A.J. : Que souhaitez-vous de la part des collaborateurs mongols pour améliorer la recherche scientifique ?
I.C. : J’aimerais que notre revue EMSCAT publie plus de contributions de chercheurs mongols (en français et en anglais) et que certains de nos articles soient traduits en mongol et publiés en Mongolie. Si nos deux pays investissaient dans des projets scientifiques bilatéraux, nous aurions vraiment les moyens de travailler ensemble. Mais la France est un « petit » pays partenaire pour les Mongols actuellement, par rapport notamment au Japon et à la Corée du Sud, où de nombreux Mongols partent étudier et travailler.

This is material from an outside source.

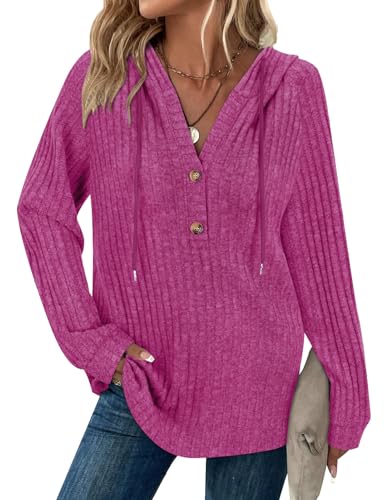 Hoodie Damen Long Sleeve Tops Drawstring Button V Neck Casual Pullover Sweatshirt Spring Autumn Winter Tunic Clothes von Syphiby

A.J. : Quels sont vos besoins ? Que souhaiteriez-vous être plus disponible pour relever les défis auxquels vous êtes confrontés en ce moment ?

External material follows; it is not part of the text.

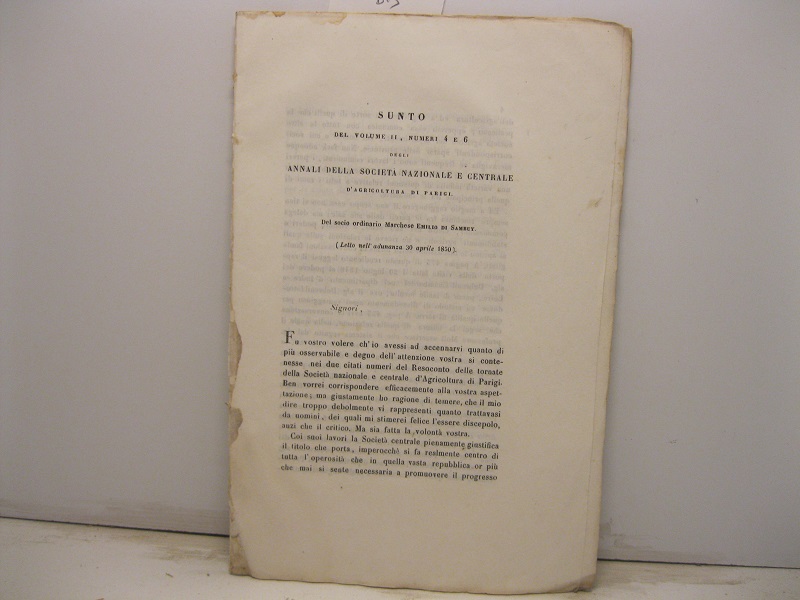 Sunto del volume II, numeri 4 e 6 degli Annali della Società nazionale e centrale d'agricoltura di Parigi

I.C. : J’aimerais que nos institutions, en particulier le CNRS, prenne conscience de l’importance de développer les sciences humaines et sociales et les coopérations avec la Mongolie. Par ailleurs il est aussi très important que nous développions les activités vers le grand public.
A.J. : Pourquoi les jeunes chercheurs français s’intéressent-ils à étudier la Mongolie en France ?

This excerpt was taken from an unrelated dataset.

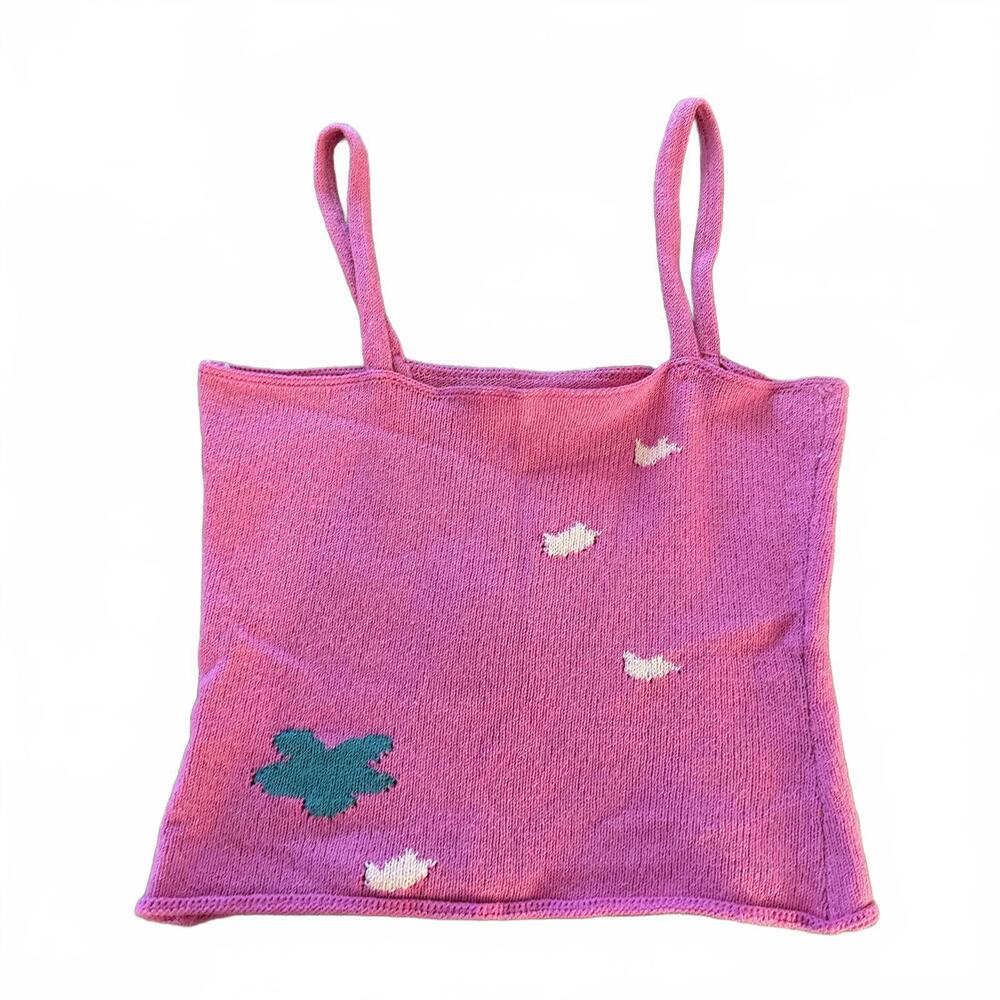 Pink knitted Flowered‎ Cotton Cami. SZ XS Possibly handmade. Cottage Core Preppy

I.C. : Les Français aiment beaucoup voyager et sont les touristes européens les plus nombreux en Mongolie ; parmi les jeunes qui commencent le mongol chaque année à l’INALCO c’est souvent un coup de foudre pour le pays qui les a motivés à s’inscrire. Mais la langue est difficile à apprendre et plusieurs abandonnent en cours d’année ; en revanche quand ils ont l’occasion de continuer une partie de leur cursus à la MUIS, ils veulent souvent continuer dans la recherche et faire une thèse. C’est surtout l’anthropologie, la découverte de l’Autre qui les attire, ainsi que le chamanisme et les études environnementales. Actuellement, l’enseignement sur l’anthropologie religieuse de Grégory Delaplace et le mien sur les sites sacrés bouddhiques à l’École pratique des Hautes études attirent des étudiants en Master et en doctorat.
En revanche peu d’étudiants ont le courage de se lancer dans des études historiques nécessitant la maîtrise de l’écriture traditionnelle et au moins une autre langue de la région (chinois, russe, japonais…). Mais l’enseignement sur l’empire mongol de M. Favereau à Paris-Nanterre et l’exposition de Nantes peuvent susciter des vocations.
A.J. : Des conseils pour les jeunes chercheurs universitaires intéressés par la Mongolie en langue française ?
I.C. : Partir vivre plusieurs mois en Mongolie pour apprendre sérieusement la langue, et persévérer !
Merci Beaucoup, Madame Isabelle Charleux, pour votre temps et votre point de vue expert.